Dulce de leche: all you need is a pan and boiling water
Long before we came across the term dulce de leche, Speedy and I had been boiling sweetened condensed milk in its unopened can to transform the milk into a thick caramel. We’d spoon the caramel and just eat it like that. So indulgent. So delicious. This was around the time that Sam was a little over a year old and I was pregnant with Alex. Aside from making caramel and it with cream when making fruit salad, we really didn’t have many uses for mixing sweetened condensed milk. In short, I never really learned about the differences in terms of brands. We’ve never been choosy with brands when making caramel in the past and you can just imagine my surprise when, one day, the mixing sweetened condensed milk did not transform into a thick caramel even after two hours of simmering in water.
When I made the salted caramel cake, I mentioned this issue about not being able to make homemade dulce de leche anymore — the milk (we usually buy Alaska) just refused to caramelize! Reader Nina commented that “Alaska is sweetened condensed ‘filled’ milk – made of vegetable oil from coconuts… This maybe the reason you are not getting good results.”
I took Nina’s recommendation, bought two cans of Milkmaid sweetened condensed milk, put them in pot, poured in enough water to fully submerge them then I let the water boil. The moment the water was boiling, I lowered the heat, covered the pot and let the water simmer for an hour and a half. And, voila! Dulce de leche. Thank you, Nina. Thank you indeed.
Note that these photos were taken some 24 hours later. After simmering the cans of milk, I removed them from the hot water and let them cool to room temperature. Then, I put them inside the fridge. That’s why the caramel is that thick. If allowed to warm to room temperature, the caramel would be thinner and almost pourable.

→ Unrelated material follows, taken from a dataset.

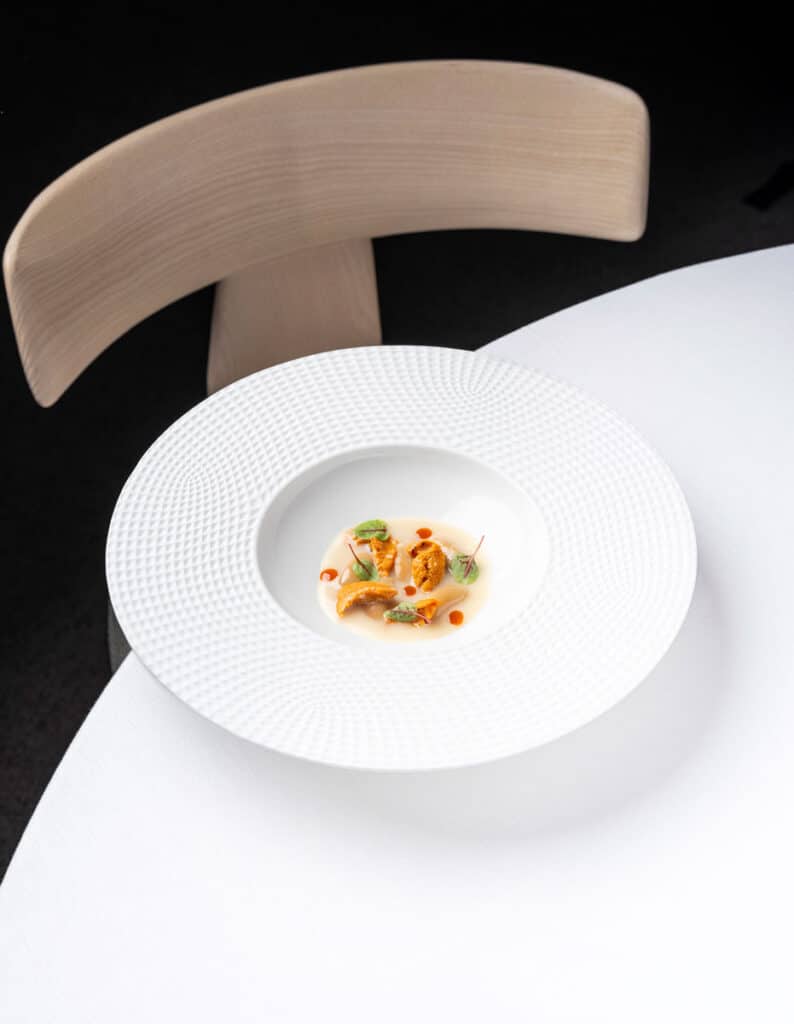 Fabes de Tineo, emulsión de su cocción y erizo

Why not enjoy the dulce de leche right after simmering? For one, you’ll burn your hand holding the hot can to open it. Second, the very hot caramel will ooze out once you open the can. Even after letting the can sit on the counter for an hour, for as long as the caramel inside is still quite hot, it will ooze out once the can is punctured. We’ve tried that in the past, those times when we just couldn’t wait, and the result was a mess.
Now, the famous legend that has given dulce de leche the nickname “Dangerous Pudding” when cooked this way. I’m referring to the claims that boiling the unopened can of milk can make it burst and cause a bad kitchen accident and human injuries. The truth is, everyone who has relayed the “danger” to me are people who have never even tried making dulce de leche this way. In fact, I’ve never heard nor read a first hand account of a can of condensed milk exploding while simmering in water.

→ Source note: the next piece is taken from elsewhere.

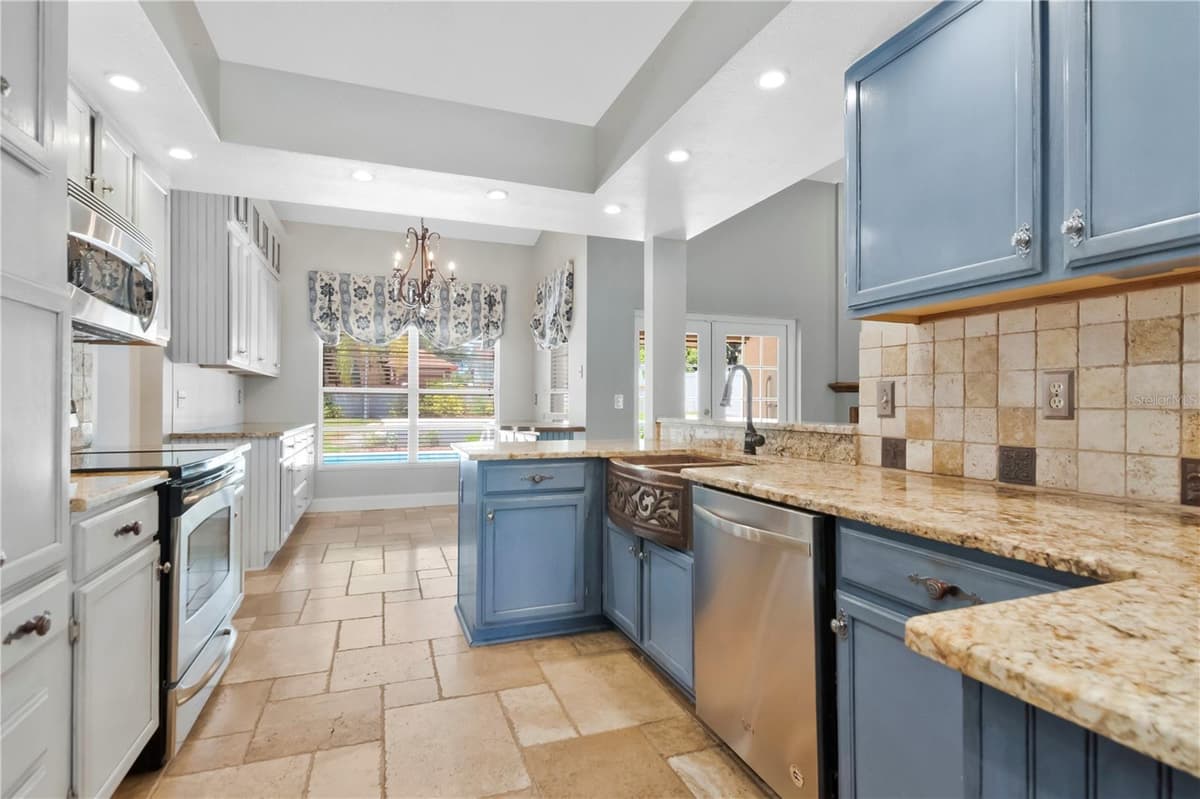 2608 BERRYVINE PLACE — photo 5 of 53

So, if you want to try and make dulce de leche the easy way, here are a few things to ensure that your dulce de leche making is hazard free:
1. Use a deep pot so that the cans are fully submerged in water. Ideally, the water level should be an inch higher than the cans. And, incidentally, you don’t need to stand the cans upright inside the pot. I put them in sideways so that they can roll and move around during cooking.

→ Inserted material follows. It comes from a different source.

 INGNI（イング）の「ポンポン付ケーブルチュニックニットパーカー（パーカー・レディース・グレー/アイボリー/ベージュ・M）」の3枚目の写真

2. Use a heavy lid for the pot that fits snugly to avoid as much evaporation as possible. And just in case something goes wrong, a heavy lid can absorb a lot of the impact if the can should explode.
3. Check the water level every twenty minutes or so. Add more water if the water level becomes lower than the height of the cans.
And just how long does the can of milk have to simmer in water before the milk turns to caramel? An hour and a half is fine with me. Some cooks swear by two to three hours. See, the longer the simmering, the thicker the caramel. So, it’s really up to you. As a guide, the dulce de leche in the photos above resulted from an hour and a half of simmering.